Il 4.12.1944 Hans tornò al suo comando e rivelò l’ubicazione delle basi partigiane. Nella notte tra il 4 e il 5 reparti delle SS tedesche e paracadutisti della div Goering – guidati da fascisti locali – circondarono l’abitato d’Amola e rastrellarono circa 300 persone.

Alcuni fermati furono rinchiusi nella chiesa d’Amola e qui i partigiani più noti a Hans vengono portati in sacrestia, appesi a delle funi, schiaffeggiati e bastonati.. Altri furono trasferiti a S. Agata Bolognese e fatti sfilare per le strade del paese, sotto la minaccia delle armi e rinchiusi nel teatro. Dopo i riconoscimenti personali, fatti da Hans e Fritz, furono trattenute 40 persone, trasferite prima nella caserma dei carabinieri di S. Giovanni in Persiceto e quindi nelle carceri di S. Giovanni in Monte (Bologna).

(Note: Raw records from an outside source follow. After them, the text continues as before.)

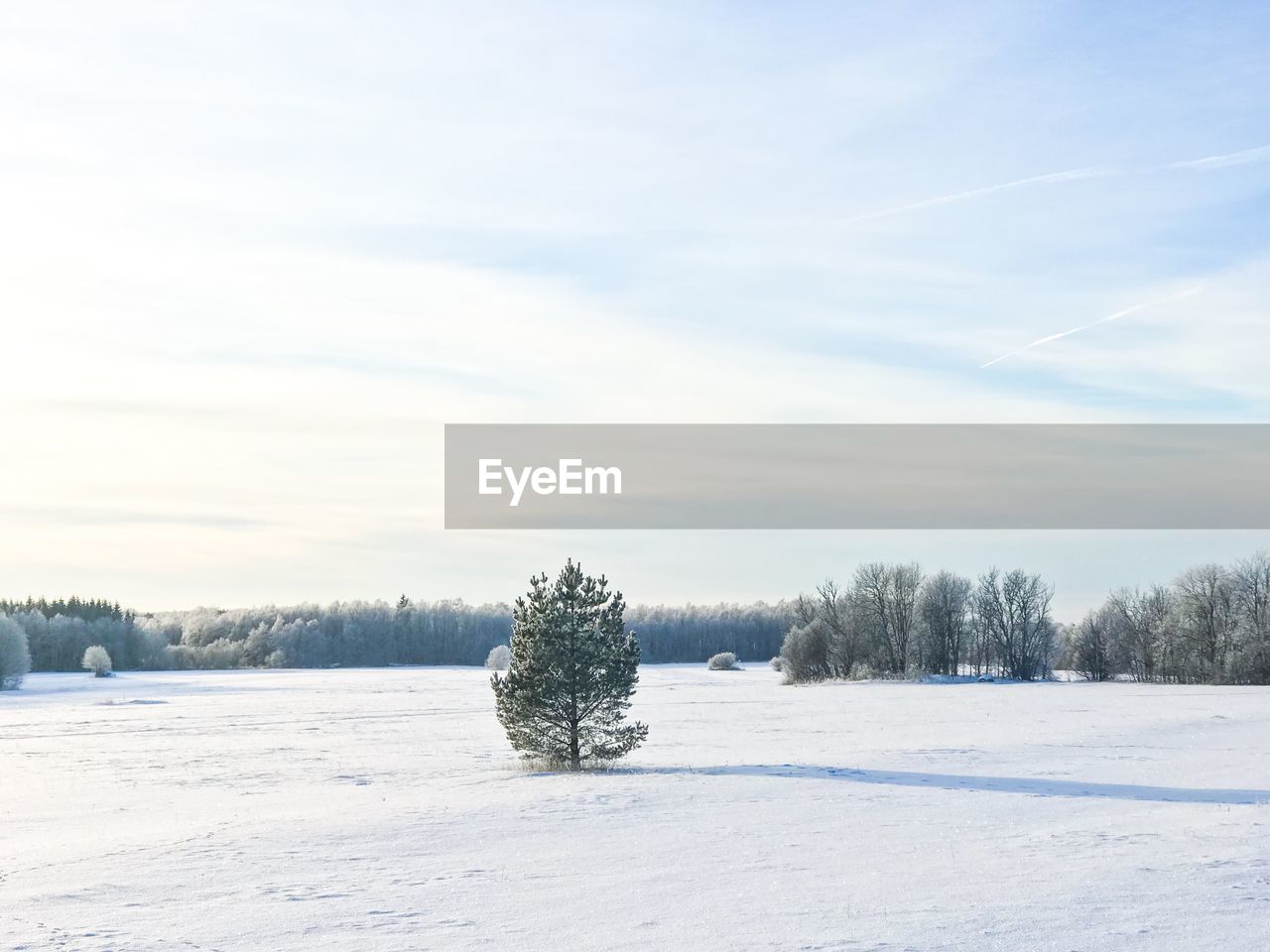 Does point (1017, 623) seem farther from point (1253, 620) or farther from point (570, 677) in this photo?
point (570, 677)

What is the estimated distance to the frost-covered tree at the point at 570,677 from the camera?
28719 millimetres

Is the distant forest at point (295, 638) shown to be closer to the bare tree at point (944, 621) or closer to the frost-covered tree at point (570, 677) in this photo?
the bare tree at point (944, 621)

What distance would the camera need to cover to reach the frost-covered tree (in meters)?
28.7

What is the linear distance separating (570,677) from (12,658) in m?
86.7

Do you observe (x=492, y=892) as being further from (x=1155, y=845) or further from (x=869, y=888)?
(x=1155, y=845)

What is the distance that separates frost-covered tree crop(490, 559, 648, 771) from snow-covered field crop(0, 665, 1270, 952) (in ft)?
4.19

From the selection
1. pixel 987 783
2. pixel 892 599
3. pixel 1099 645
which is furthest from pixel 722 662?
pixel 987 783

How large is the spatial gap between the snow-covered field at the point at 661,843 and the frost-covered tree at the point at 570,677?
128cm

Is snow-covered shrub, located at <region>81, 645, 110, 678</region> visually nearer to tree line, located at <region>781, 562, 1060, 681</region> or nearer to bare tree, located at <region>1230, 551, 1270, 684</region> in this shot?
tree line, located at <region>781, 562, 1060, 681</region>

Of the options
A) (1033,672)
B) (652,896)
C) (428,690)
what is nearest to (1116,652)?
(1033,672)

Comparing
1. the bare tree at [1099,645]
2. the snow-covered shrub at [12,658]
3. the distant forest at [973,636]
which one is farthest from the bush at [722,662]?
the snow-covered shrub at [12,658]

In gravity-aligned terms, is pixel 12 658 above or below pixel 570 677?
below

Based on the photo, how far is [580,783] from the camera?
2609cm

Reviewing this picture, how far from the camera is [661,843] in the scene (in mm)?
18188
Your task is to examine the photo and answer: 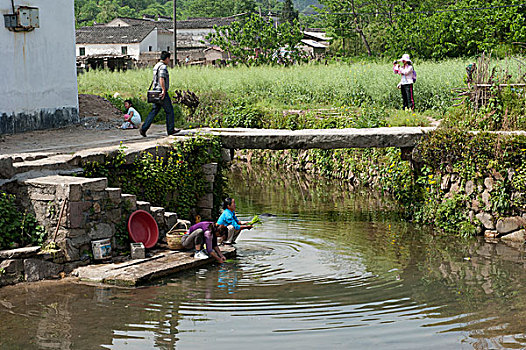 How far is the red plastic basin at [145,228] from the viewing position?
35.2 ft

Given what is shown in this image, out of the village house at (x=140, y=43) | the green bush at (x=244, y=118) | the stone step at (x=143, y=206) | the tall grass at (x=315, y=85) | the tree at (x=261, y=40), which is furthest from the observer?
the village house at (x=140, y=43)

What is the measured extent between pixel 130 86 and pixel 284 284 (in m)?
17.7

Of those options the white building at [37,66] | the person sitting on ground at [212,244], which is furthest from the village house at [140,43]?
the person sitting on ground at [212,244]

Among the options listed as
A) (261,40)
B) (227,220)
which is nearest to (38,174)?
(227,220)

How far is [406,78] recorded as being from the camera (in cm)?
1805

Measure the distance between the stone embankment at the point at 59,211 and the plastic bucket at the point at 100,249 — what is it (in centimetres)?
9

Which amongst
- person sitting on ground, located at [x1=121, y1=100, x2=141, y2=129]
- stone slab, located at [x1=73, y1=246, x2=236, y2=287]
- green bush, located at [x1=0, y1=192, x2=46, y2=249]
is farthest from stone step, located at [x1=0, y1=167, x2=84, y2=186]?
person sitting on ground, located at [x1=121, y1=100, x2=141, y2=129]

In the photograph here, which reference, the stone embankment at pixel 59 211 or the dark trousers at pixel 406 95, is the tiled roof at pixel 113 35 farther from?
the stone embankment at pixel 59 211

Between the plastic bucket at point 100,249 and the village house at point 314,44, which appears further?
the village house at point 314,44

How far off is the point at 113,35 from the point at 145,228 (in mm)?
46478

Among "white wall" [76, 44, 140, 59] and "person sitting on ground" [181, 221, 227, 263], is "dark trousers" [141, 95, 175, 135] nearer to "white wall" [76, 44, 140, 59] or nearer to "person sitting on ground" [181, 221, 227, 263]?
"person sitting on ground" [181, 221, 227, 263]

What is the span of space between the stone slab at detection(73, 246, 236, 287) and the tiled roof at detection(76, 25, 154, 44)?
45199 mm

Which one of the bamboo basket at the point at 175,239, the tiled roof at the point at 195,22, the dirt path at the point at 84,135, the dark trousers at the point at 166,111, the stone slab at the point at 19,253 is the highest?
the tiled roof at the point at 195,22

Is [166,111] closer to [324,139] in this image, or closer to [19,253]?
[324,139]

Il 14.12.1944 alcuni fermati d’Amola e altri detenuti furono trasferiti a piedi – scortati da soldati tedeschi – a Sabbiuno del Monte a Paderno, una frazione collinare di Bologna, distante circa 4 chilometri dal centro storico, da non confondere con Sabbiuno di Piano, una frazione di Castel Maggiore, dove i fascisti hanno compiuto una strage il 14.10.1944.

Una volta giunti a Paderno, i detenuti furono rinchiusi in una casa colonica, dalla quale uscirono a piccoli gruppi. Furono portati su un dirupo, uccisi con un colpo alla nuca e fatti rotolare nei calanchi sottostanti.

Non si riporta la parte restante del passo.